Optimization Lab 5 - Learning Rate Schedules
05 May 2026
Choosing an optimizer is only half the story. The other half is deciding how its learning rate should evolve during training. A good schedule is often the difference between fast progress, late stability, and complete failure.
Why a fixed learning rate is rarely ideal
Early in training, gradients are large and parameters are far from a good region. Large steps are useful because we want to move quickly.
Late in training, we are usually trying to refine a nearly good solution. Smaller steps are better because:
- the local curvature may be sharper
- mini-batch noise dominates
- we want the optimizer to settle instead of jitter
That already suggests the key principle:
Start relatively large, end relatively small.
Common schedules
Constant
\[\eta_t = \eta_0\]The baseline. Simple, but it keeps the same aggressiveness forever.
Step decay
\[\eta_t = \eta_0 \gamma^{\lfloor t / T \rfloor}\]Every $T$ steps or epochs, multiply by a factor $\gamma < 1$. This is one of the oldest and still one of the most common schedules.
Cosine decay
\[\eta_t = \eta_0 \cdot \frac{1}{2}\left(1 + \cos\frac{\pi t}{T_{\max}}\right)\]The rate decreases smoothly instead of dropping abruptly. This tends to make the late stage of training more stable.
Warmup + cosine
Warmup starts from a small learning rate and increases linearly for the first few steps, then switches to cosine decay. This is now standard in large-batch training and transformers because the earliest gradients can be untrustworthy or badly scaled.
Schedules vs optimizers
It is tempting to think Adam or SGD determines everything. In practice:
- Adam with a bad schedule can still plateau or diverge
- SGD with momentum and a good schedule can outperform Adam on many vision tasks
- large models often rely on warmup even when the optimizer itself is unchanged
The schedule controls when the optimizer explores and when it settles.
Live demo
All four runs use the same noisy quadratic objective and the same gradient noise sequence. The only difference is the learning-rate schedule:
- constant
- step decay
- cosine
- warmup + cosine
Things to observe
- Constant learning rate falls fast at first but often keeps bouncing near the minimum.

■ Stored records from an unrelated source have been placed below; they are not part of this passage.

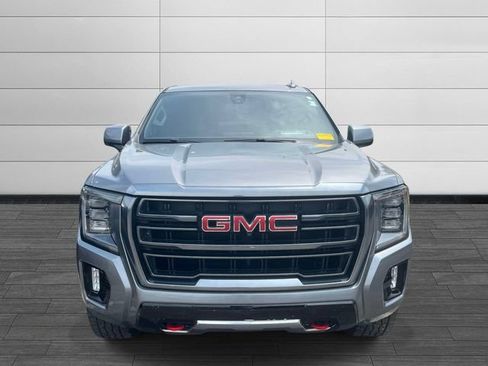 Used 2022 GMC Yukon AT4 w/ Technology Package AWD/4WD image 7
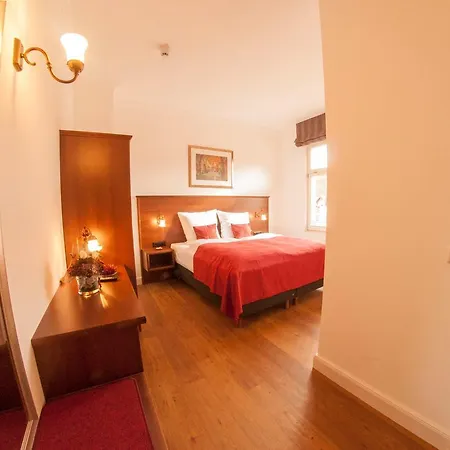 Kleine Wartburg 招待所 3*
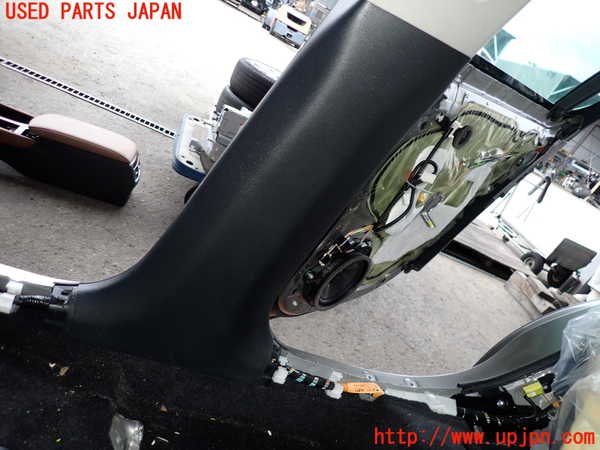 2UPJ-9233117665]レクサス・GS300h(AWL10)右センターピラートリム 中古_3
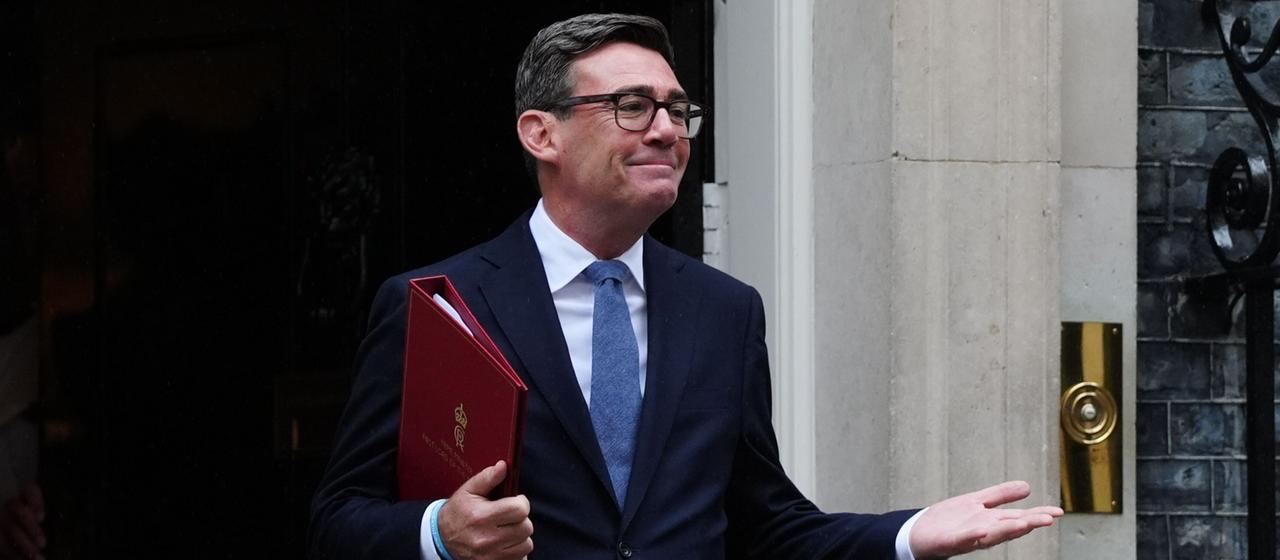 Andy Burnhams erste Schritte als Premierminister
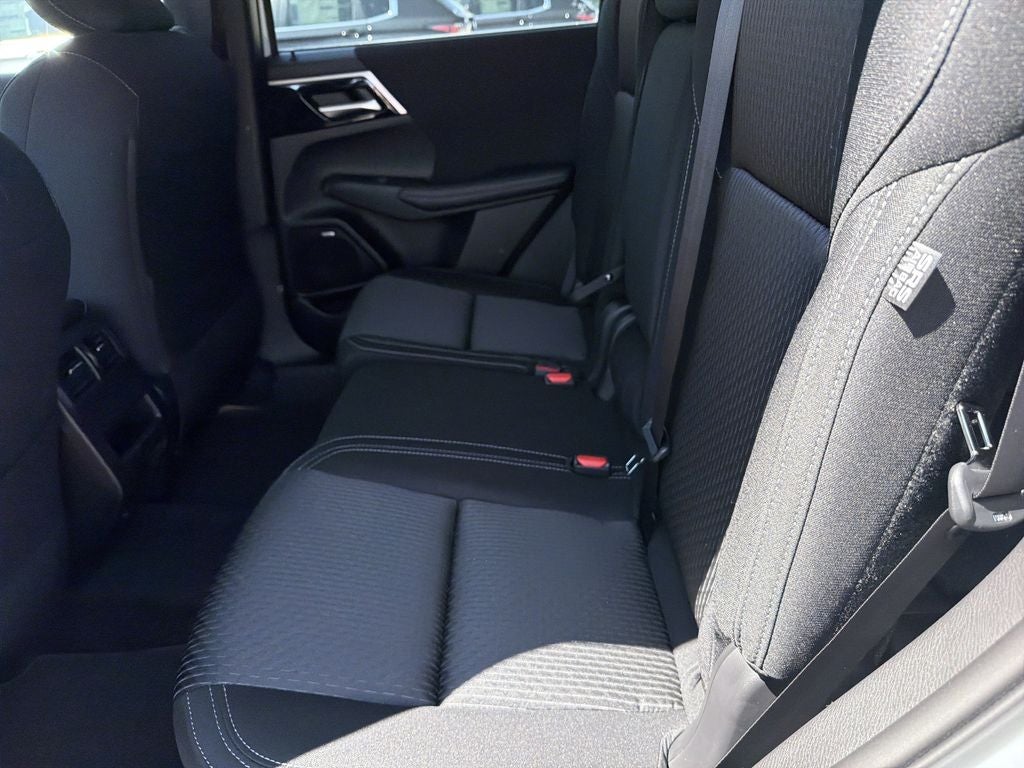 2026 Mitsubishi Outlander ES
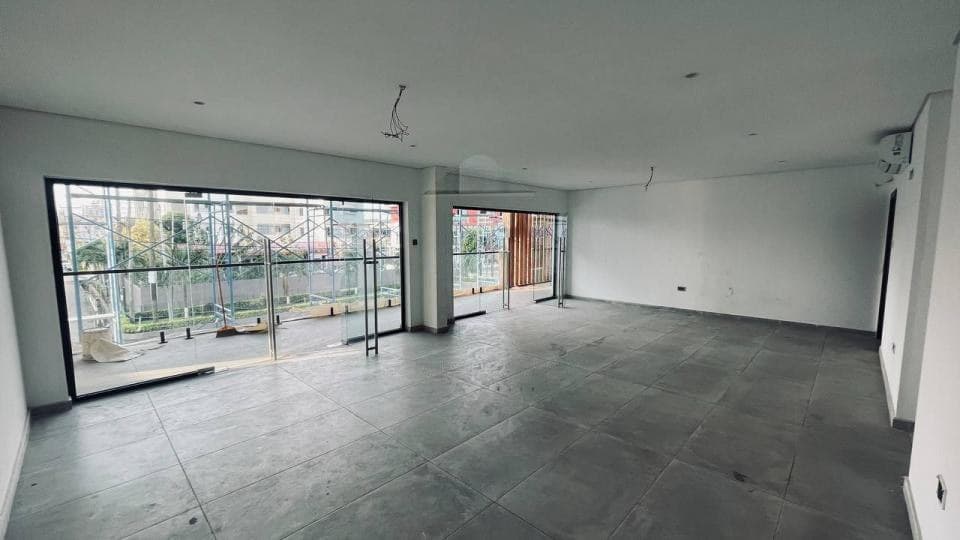Shop for rent at Dzorwulu - Commercial in Dzorwulu - Rent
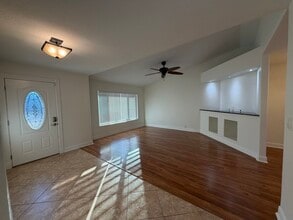 8445 Indian Wells Ct in Orlando, FL - Building Photo - Building Photo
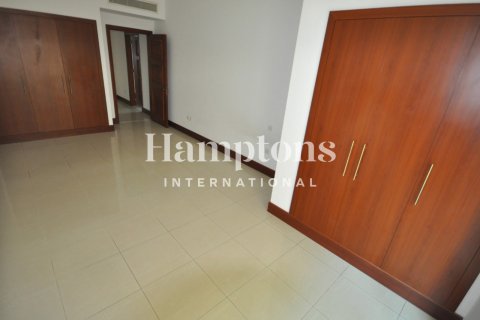 Apartment til leje i Palm Jumeirah, Dubai, UAE 3 soveværelser, 308.62376600 kvm № 754645 - foto 14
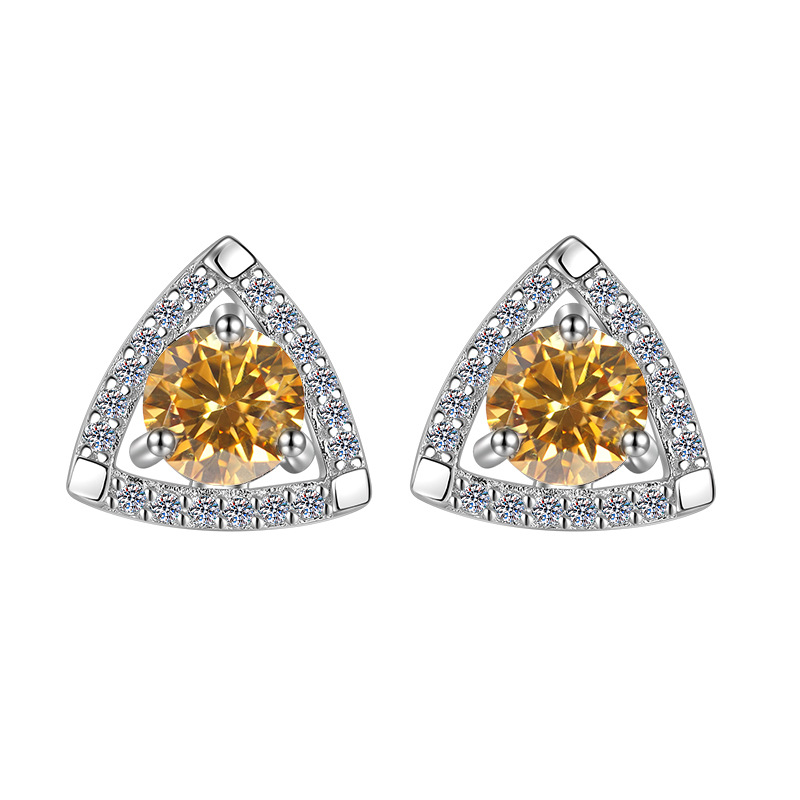 VS068 Stud Earrings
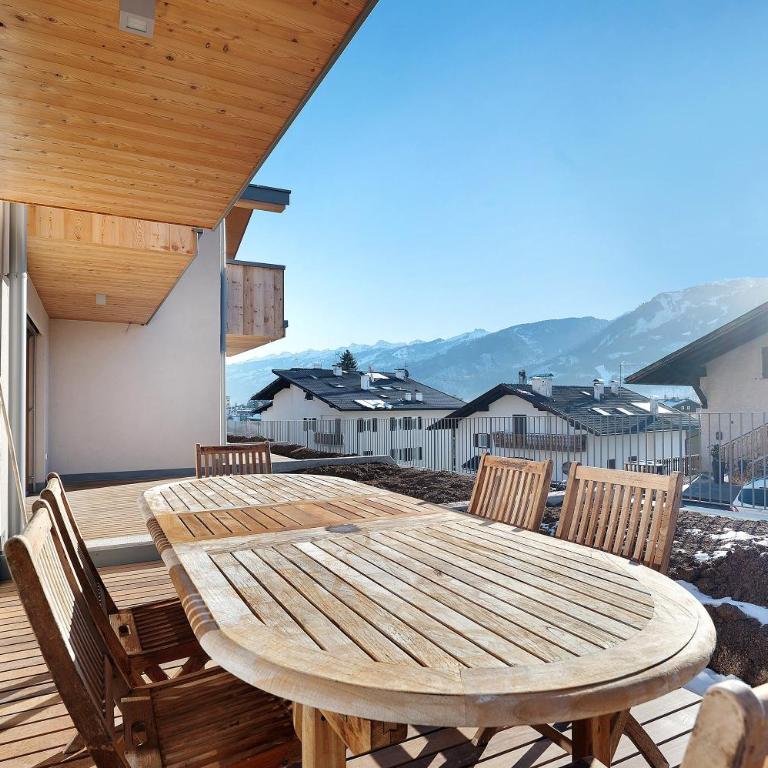 Villa Helena - Panorama Dolomiti - Appartamento Premium con 3 Camere da Letto e Balcone - 9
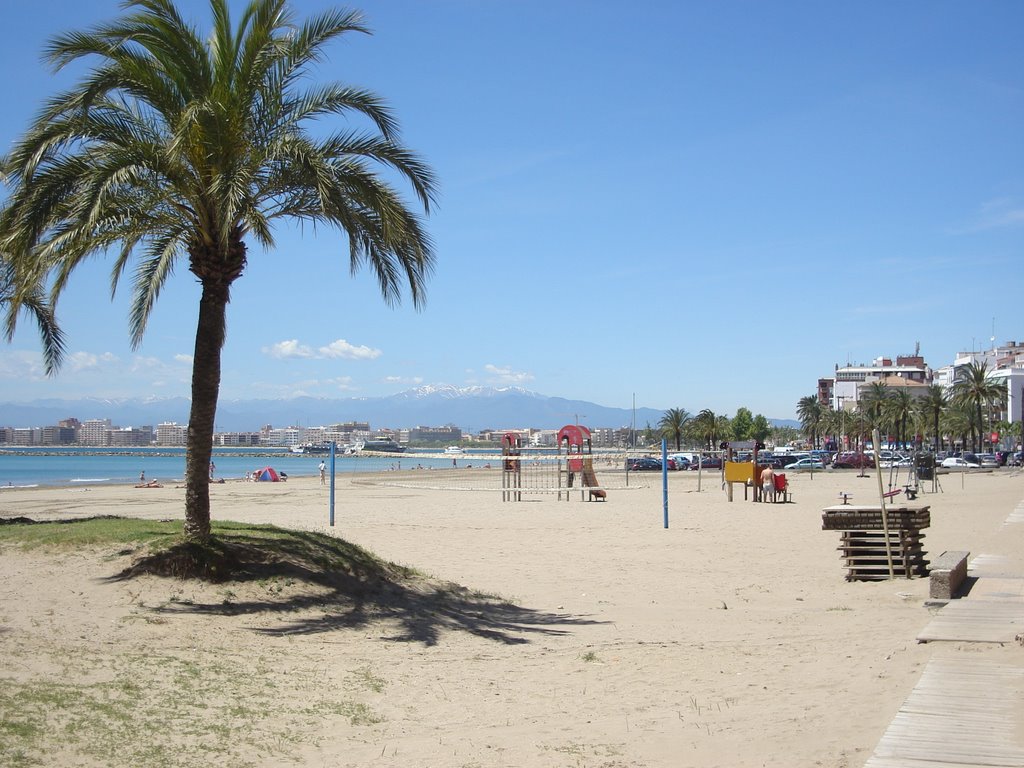 Costa Brava Roses Beach view on Snowtopped Mountains by MarkvanKeulen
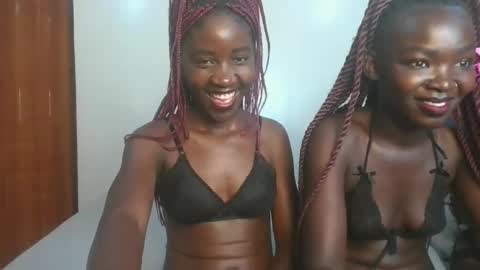 Snapshot of issa_sky1 chatting on January 9, 2026, 8:32 pm Sky online show from January 9, 2026, 8:32 pm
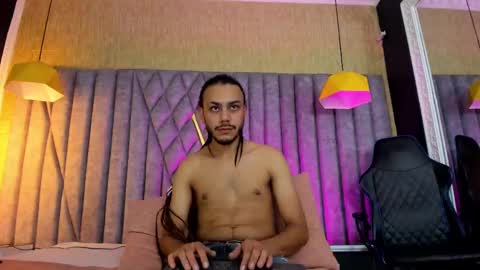 Snapshot of bossdominator1 chatting on October 16, 4:46 am Boss online show from October 16, 4:46 am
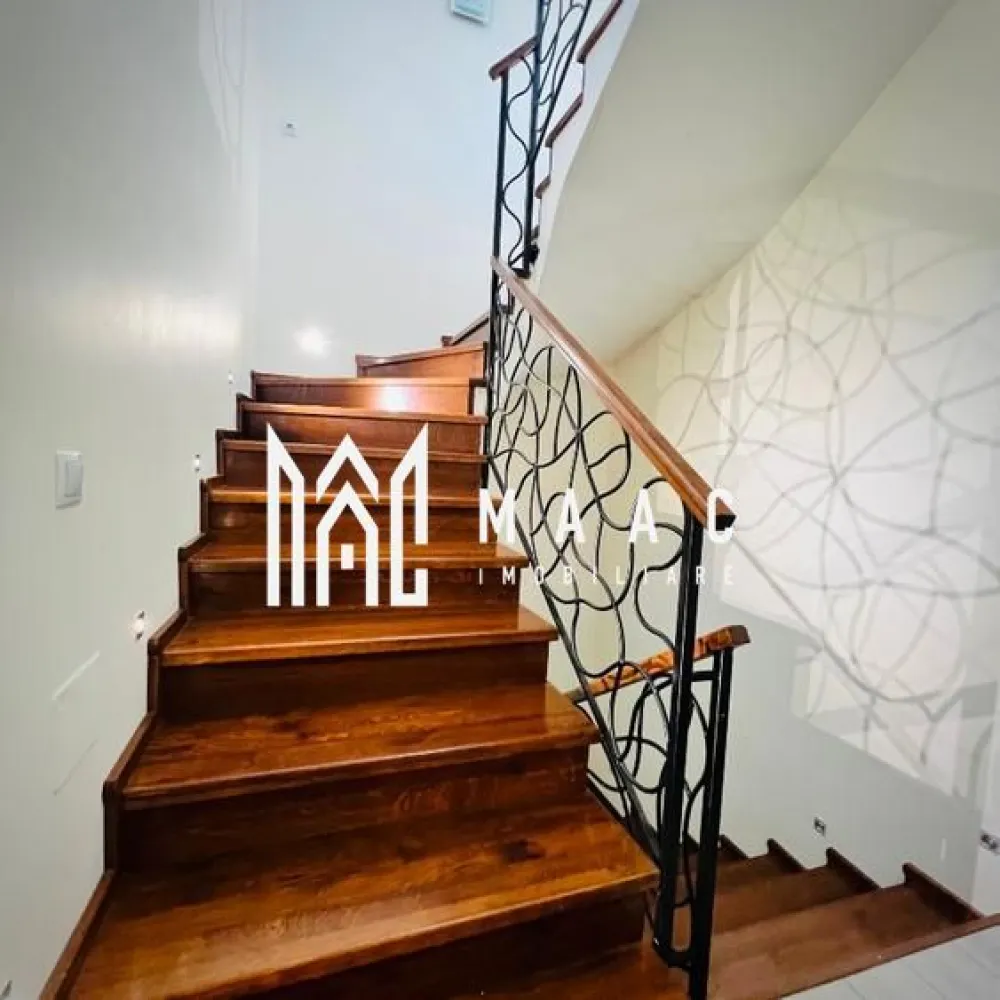 Casă 4 camere | 135mp utili + terasă 55 mp | Curte 180mp - MAAC Imobiliare vă propune spre vânzare o casă modernă și elegantă, situată în Șelimbăr, într-o zonă liniștită, cu acces rapid către Shopping City Sibiu, parcuri și zone de recreere, grădinițe, școli și transport în comun, ideală pentru o familie care își dorește confort și funcționalitate într-un cadru rezidențial bine cotat.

- Step decay introduces visible changes in behaviour exactly when the drops happen.
- Cosine decay tends to be smoother, especially late in training.
- Warmup is slowest for the first few steps on purpose, but it avoids unstable early jumps.
Key takeaways
- A schedule controls the exploration-to-refinement trade-off over time.
- Constant learning rates are often too rigid for long deep-learning runs.
- Step and cosine decay reduce late-stage noise without sacrificing early speed.
- Warmup is especially useful when the very first gradients are large, noisy, or poorly calibrated.